I am trying to optimize my code by reducing all unnecessary memory allocation. In particular I have a some assignment I need to repeat many many times. Hence I pre-allocate all necessary vectors and matrices in order to reduce GC time and allocation time in general. Here I have a working example


function test_assign()
    N = 100
    A = rand(N,N,N)
    B = zeros(N)
    C = zeros(N,N)
    assign_1!(A,B)
    assign_2!(A,C)
end

function assign_1!(A,B)
    N,N,N = size(A)
    for i=1:N
        @views B[i] = test_scalar_field(A[i,:,1])
    end
end

function assign_2!(A,C)
    N,N,N = size(A)
    for i=1:N
        y = @view A[i,:,1]
        x = @view C[i,:]
        x .= test_vector_field(y)
    end
end

function test_scalar_field(x)
    return 10*norm(x)^2
end

function test_vector_field(x)
    return 10*2*x
end

If I do

julia> @benchmark assign_1!(A,B)
BenchmarkTools.Trial: 
  memory estimate:  0 bytes
  allocs estimate:  0
  --------------
  minimum time:     5.355 μs (0.00% GC)
  median time:      5.391 μs (0.00% GC)
  mean time:        5.586 μs (0.00% GC)
  maximum time:     78.947 μs (0.00% GC)
  --------------
  samples:          10000
  evals/sample:     6

so everything is good here where I assign scalar results. While when I assign vectors

@benchmark assign_2!(A,C)
BenchmarkTools.Trial: 
  memory estimate:  87.50 KiB
  allocs estimate:  100
  --------------
  minimum time:     21.977 μs (0.00% GC)
  median time:      45.901 μs (0.00% GC)
  mean time:        50.889 μs (13.14% GC)
  maximum time:     22.403 ms (99.77% GC)
  --------------
  samples:          10000
  evals/sample:     1

I haven’t yet found a way to remove those N allocation that apparently are unnecessary since everything is already there in memory. It should be possible somehow. As a rule of thumb I usually think about allocations in the following way:
Are they really mandatory? Can I write a Fortran90 code with less allocation (where you explicitly allocate) ?
If the answer is YES, then there should be a way

x .= test_vector_field.(y)

Or, maybe test_vector_field must be itself a function that mutates data in-place, i.e. test_vector_field!(x, y) overwrites x with some values based on y.

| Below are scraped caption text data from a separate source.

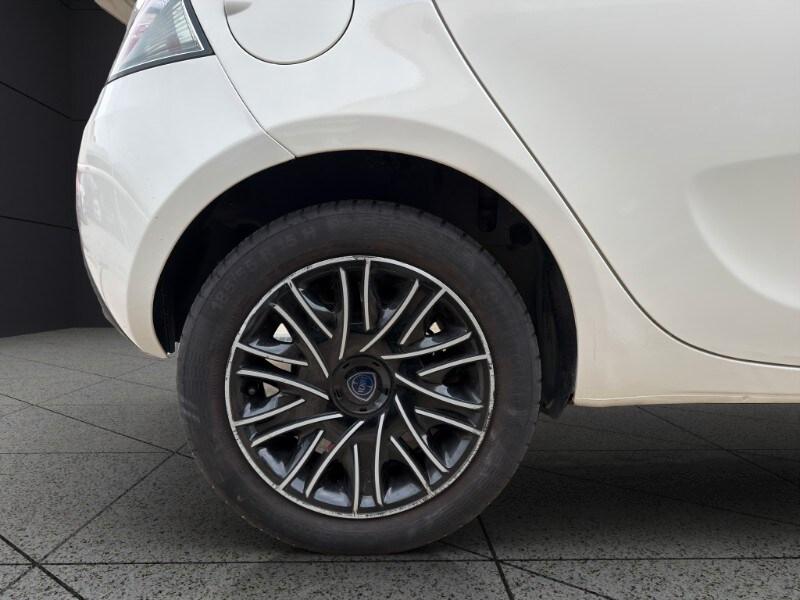 LANCIA Ypsilon 3ª serie Ypsilon 1.2 69 CV 5 po...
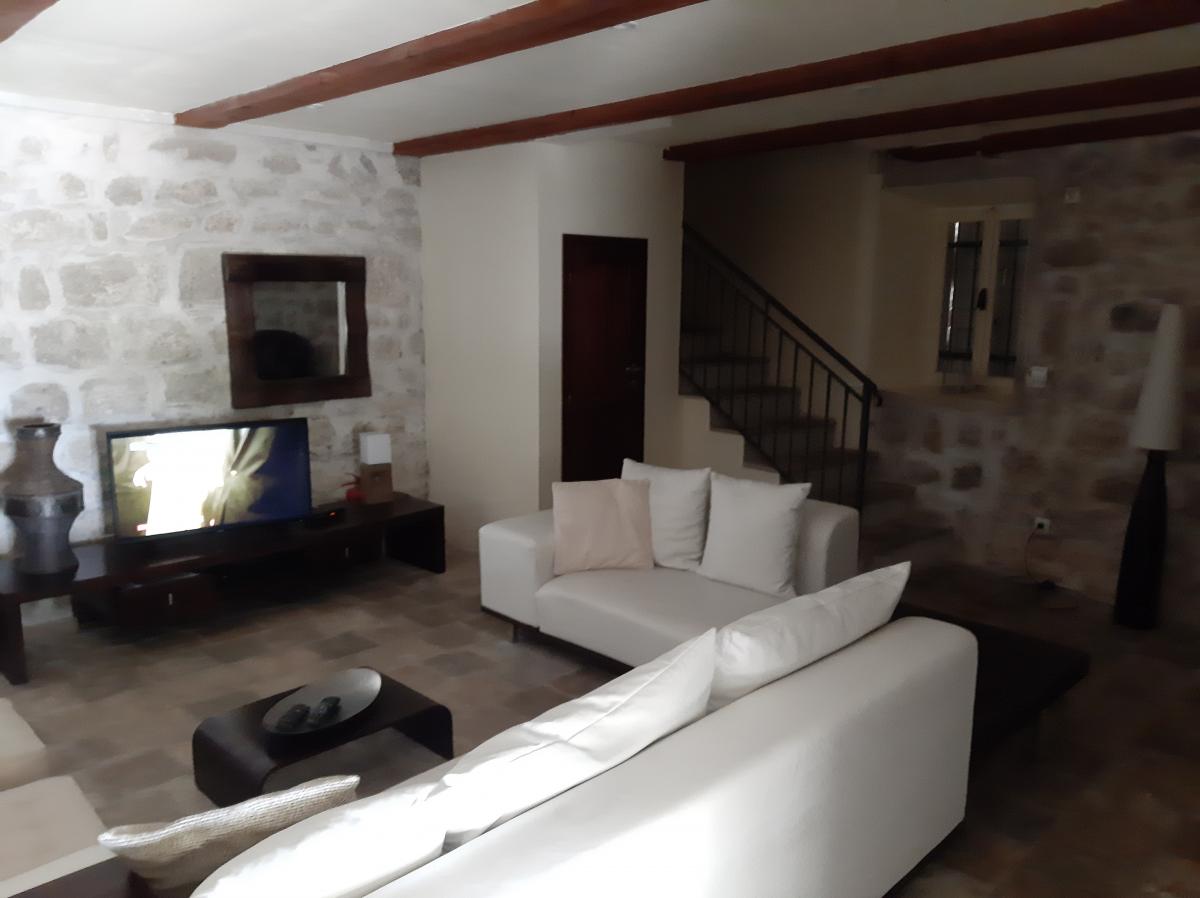 Beautiful 7-bedrom stone house with a swimming pool in Kotor is for sale 14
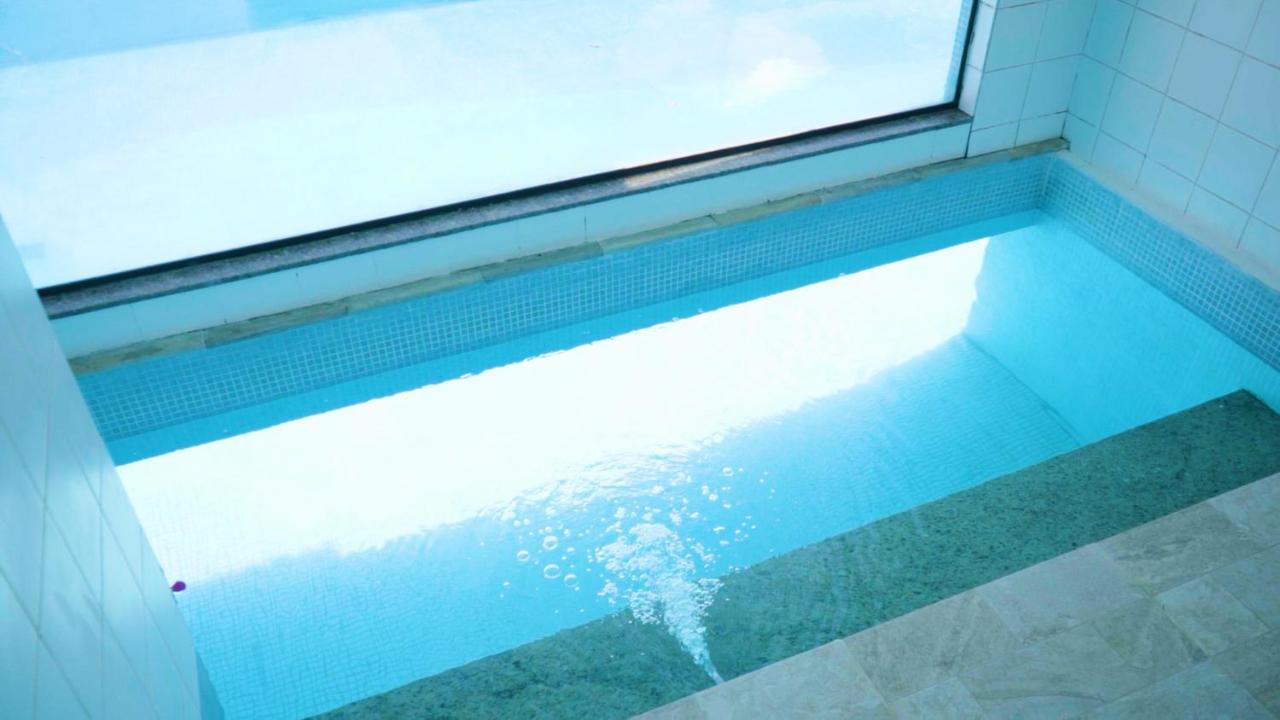 Casa de férias Casa Belissima: Luxurious 5-suite Retreat With Pool Near Rua Pedras *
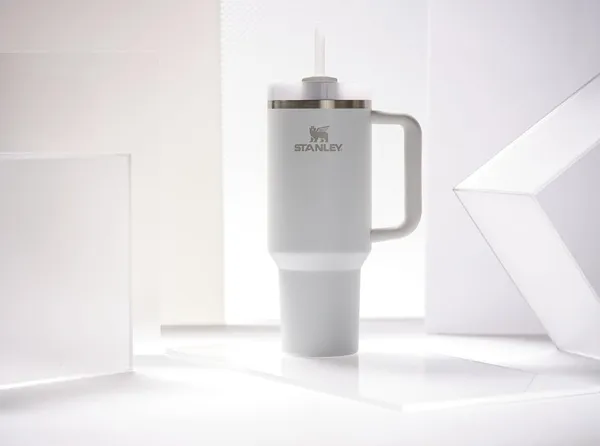 White_Plastic_Stanley_Bottle_Tumbler_For_Unisex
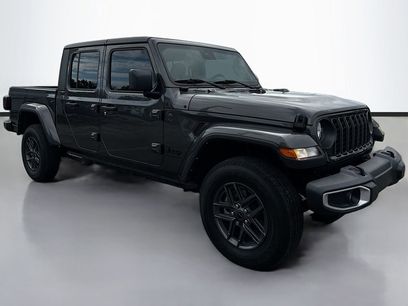 Used 2024 Jeep Gladiator Sport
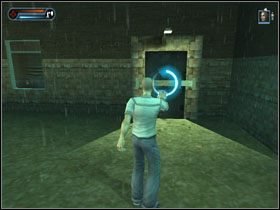 Eliminujemy pobliskiego strażnika (Jayne prawdopodobnie to zobaczy i wiadomo, co to oznacza), po czym przechodzimy na kuckach pod deskami po prawej - [Solucja] Etap 7 | Second Sight - Second Sight - poradnik do gry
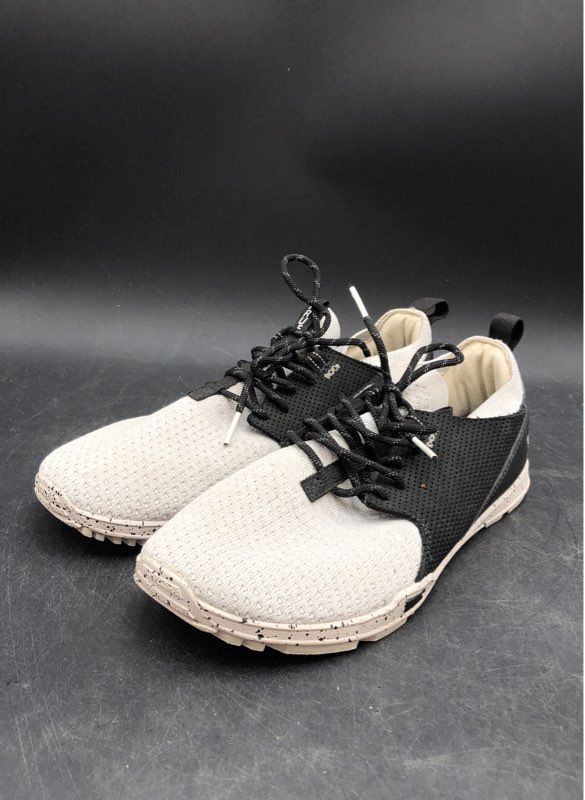 True Linkswear Men's Black White Athletic Shoes - Size 10.5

this doesn’t really makes much sense. It works in this specific examples where test_vector_field acts only component wise without mixing the components. But think at something like test_vector_field(x) = A*x where the function is really vector -> vector and not the vector version of something that acts on scalar -> scalar written in vector form.

This is perhaps the way to go, and actually achieves what I need. It is utterly boring to write everything in that way but at least it has 0 allocations if x and y are already pre-allocated.
Thanks for the idea!

Somewhat better looking, maybe:

function assign_2!(A,C)
    N,N,N = size(A)
    buf = zeros(eltype(A), N)
    vector_field(y) = test_vector_field!(buf, y)
    for i=1:N
        y = @view A[i,:,1]
        x = @view C[i,:]
        x .= vector_field(y)
    end
end

Otherwise, there is just no way semantically to avoid allocation if you need a non-destructive vector -> vector function in Julia.
A macro transforming x = f(args...) into f(x, args...) for such purposes must be possible, though.

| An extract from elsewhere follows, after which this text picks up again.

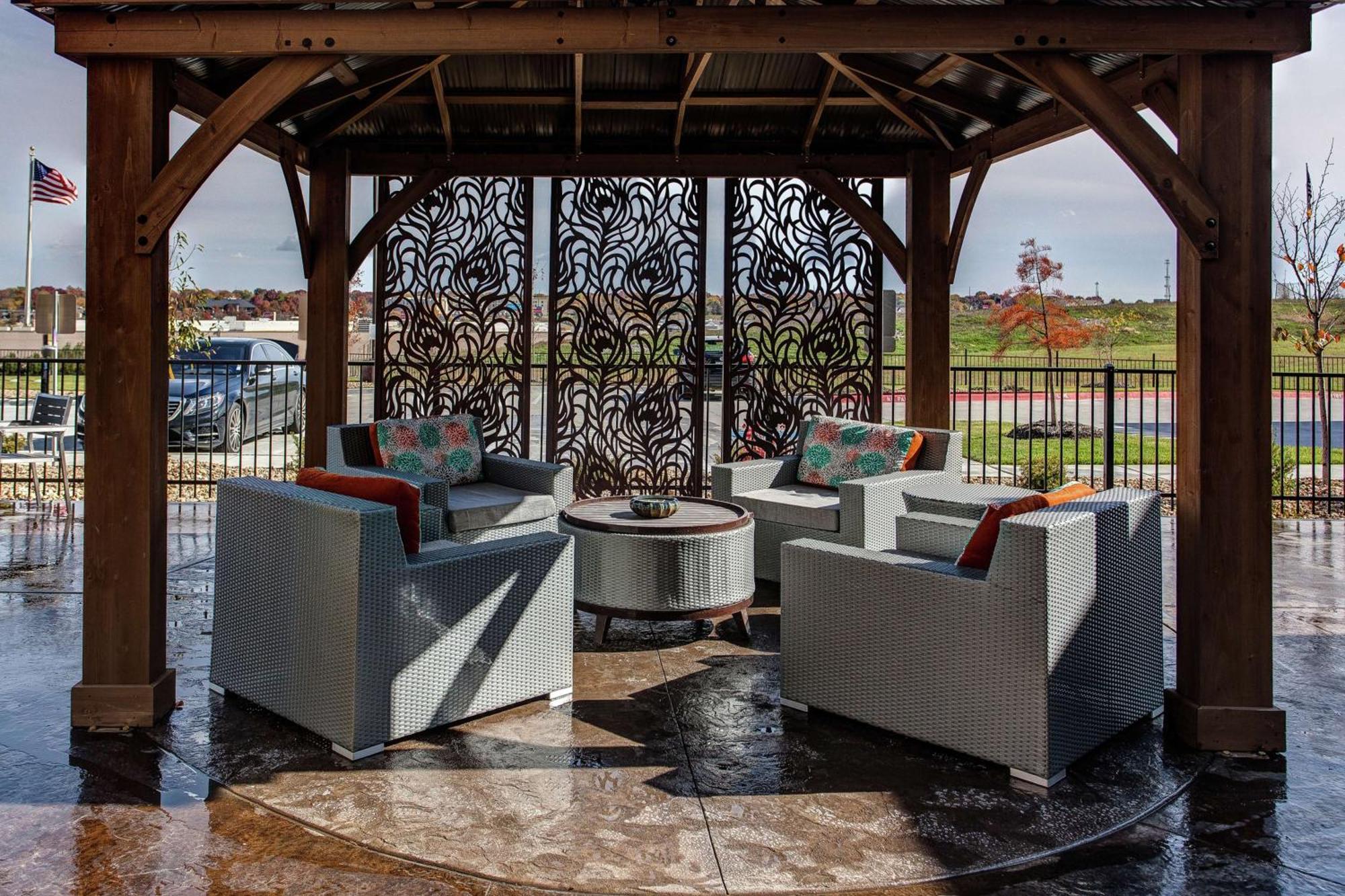 Hilton Garden Inn Topeka Dış mekan fotoğraf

If x is a vector, this necessarily allocates a new vector, there’s no way around this. If test_vector_field works on scalars, you dot both function call and assignment, otherwise, you just have to go with test_vector_field!.

For in-place matrix-vector product you anyway have to use mul!(y, A, x).

Perhaps with the exception when x is a static array? Depending on the context that would not allocate anything.

julia> function f(x)
         10*x
       end

julia> let 
         x = SVector{3,Float64}(rand(3))
         @allocated f(x)
       end
0

I am mentioning this because effectively you have taught me this a few days ago, and that allowed me to write some parts of a code of mine much clearer (without carrying the ! and preallocating some vectors obsessively everywhere, which was my programming habit).

Well, yes and no. It would create a new vector, but there is no performance cost to it, so it doesn’t matter. So I guess it doesn’t allocate a vector, but it does create it.

:+1:

1 Like

Here’s a macro for inplace operations:

macro in(code)
  code.head == :(=) || error("assignment expected")
  lhs, expr = code.args
  expr.head == :call || error("function call expected")
  # append `!` to the function name
  expr.args[1] = Symbol(String(expr.args[1]) * "!")
  # insert `lhs` as the first argument to the function
  insert!(expr.args, 2, lhs)
  esc(expr)
end

For instance, as can be verified with @macroexpand,

@in lhs = f(g(x), y, h(z) + k(w))

gets translated to

f!(lhs, g(x), y, h(z) + k(w))

I do not advocate the use of this macro.

2 Likes